> What to do
Please transcribe only the lines from the one holding "Mitsubishi OUTLANDER GL" through the final line of the data, both included, with no pictures.

====== Material shown

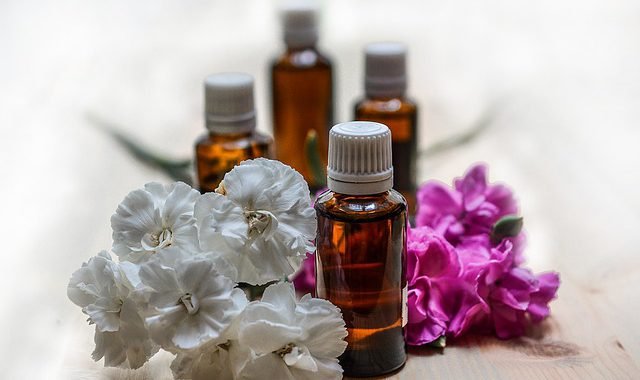 e831b20c2efd033ecd0b470de7444e90fe76e6dc19b2194395f3c5 640 essential oils e1490382142130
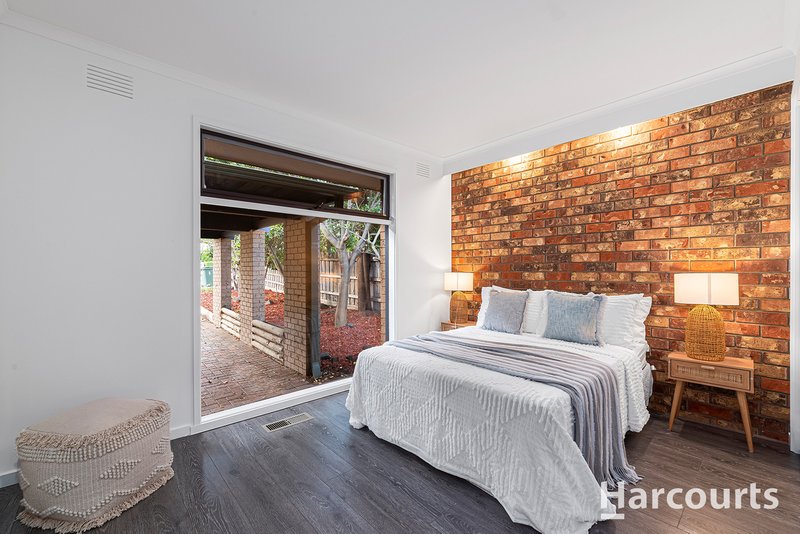 Photo - 8 Minchinbury Drive, Vermont South VIC 3133 - Image 8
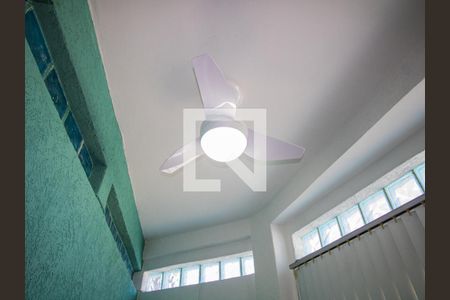 Casa à venda com 300m², 3 quartos e 3 vagasConsultório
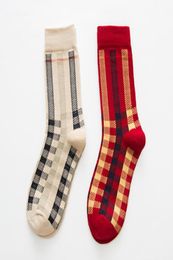 Automne et hiver Nouveaux produits pour dames chaussettes à plaid tube décontracté femmes039 chaussettes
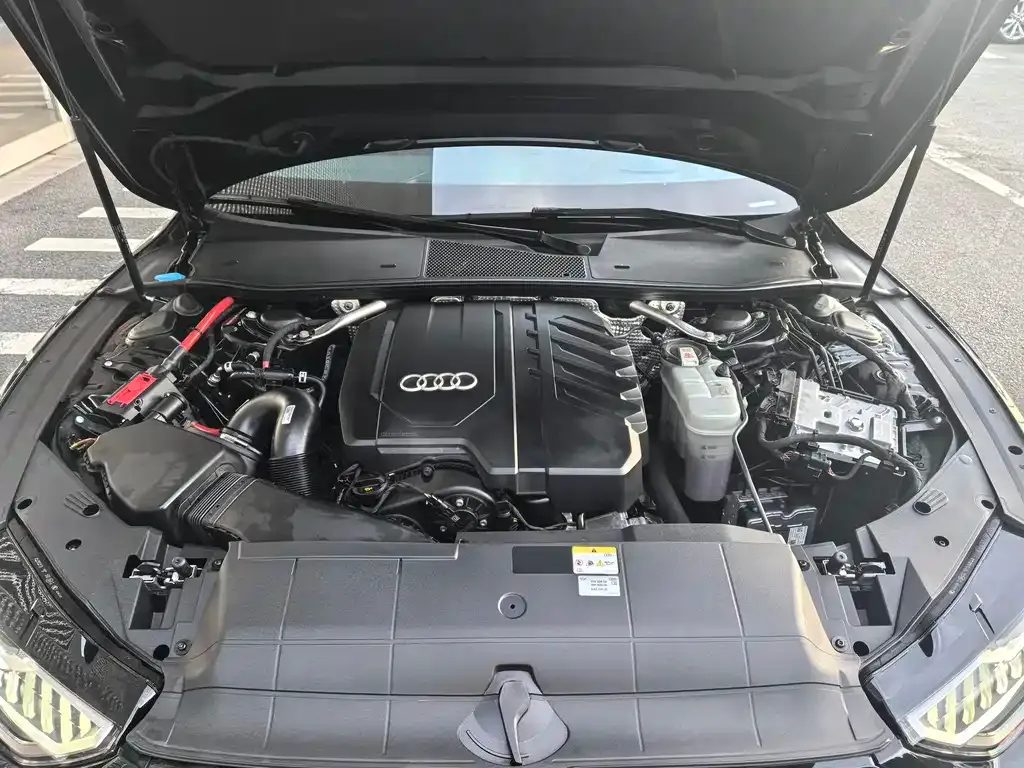 Audi A7 2024 из CN, фото 8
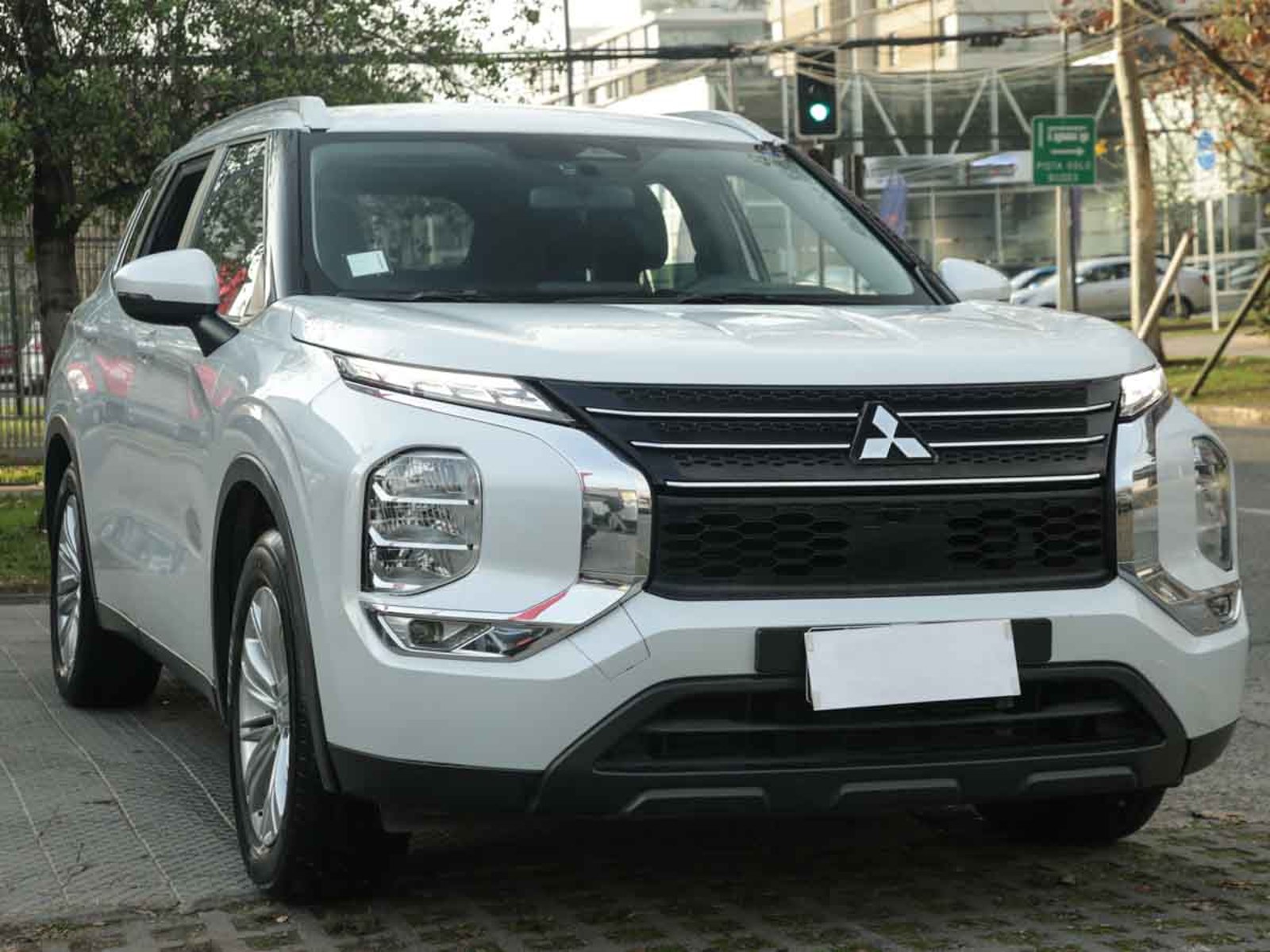 Mitsubishi OUTLANDER GL 2.5 AUT 2023 - Foto 2 de 8
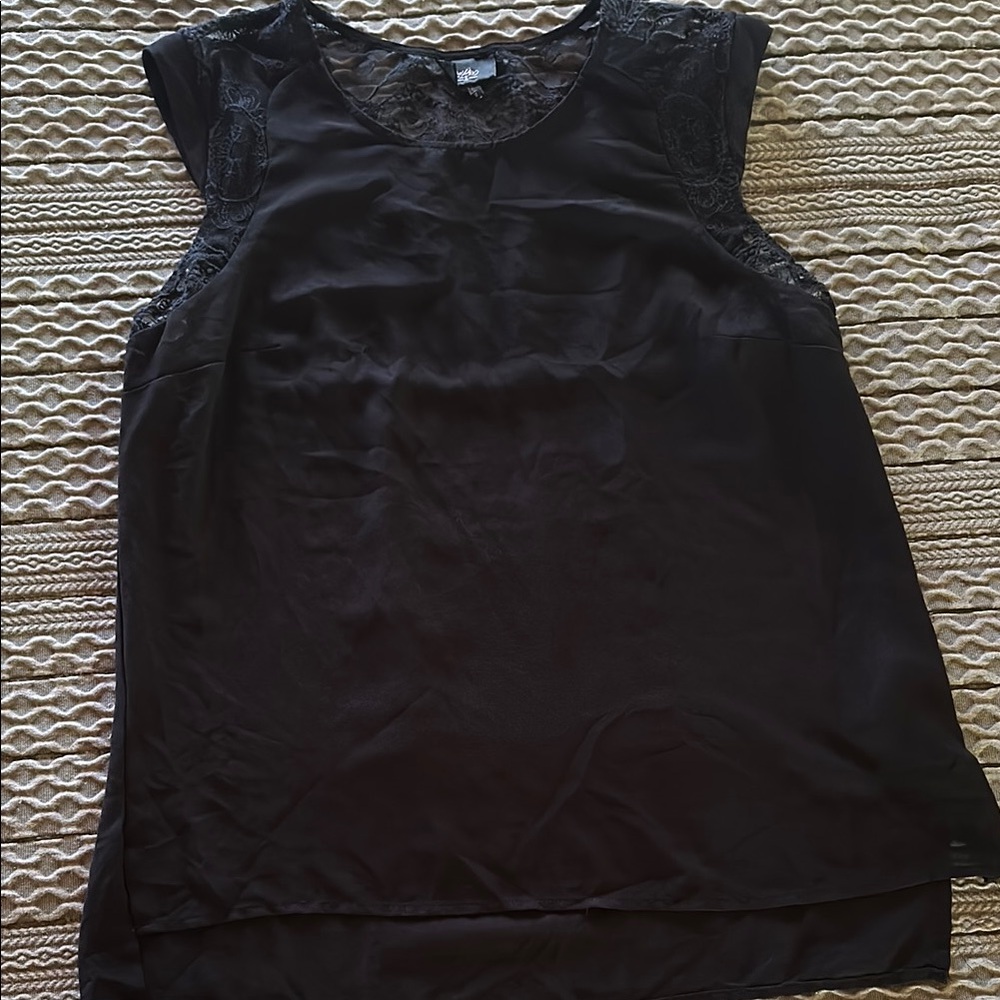 Wassio Black Lace Accent Blouse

============

> Exercise answer
 Mitsubishi OUTLANDER GL 2.5 AUT 2023 - Foto 2 de 8
 Wassio Black Lace Accent Blouse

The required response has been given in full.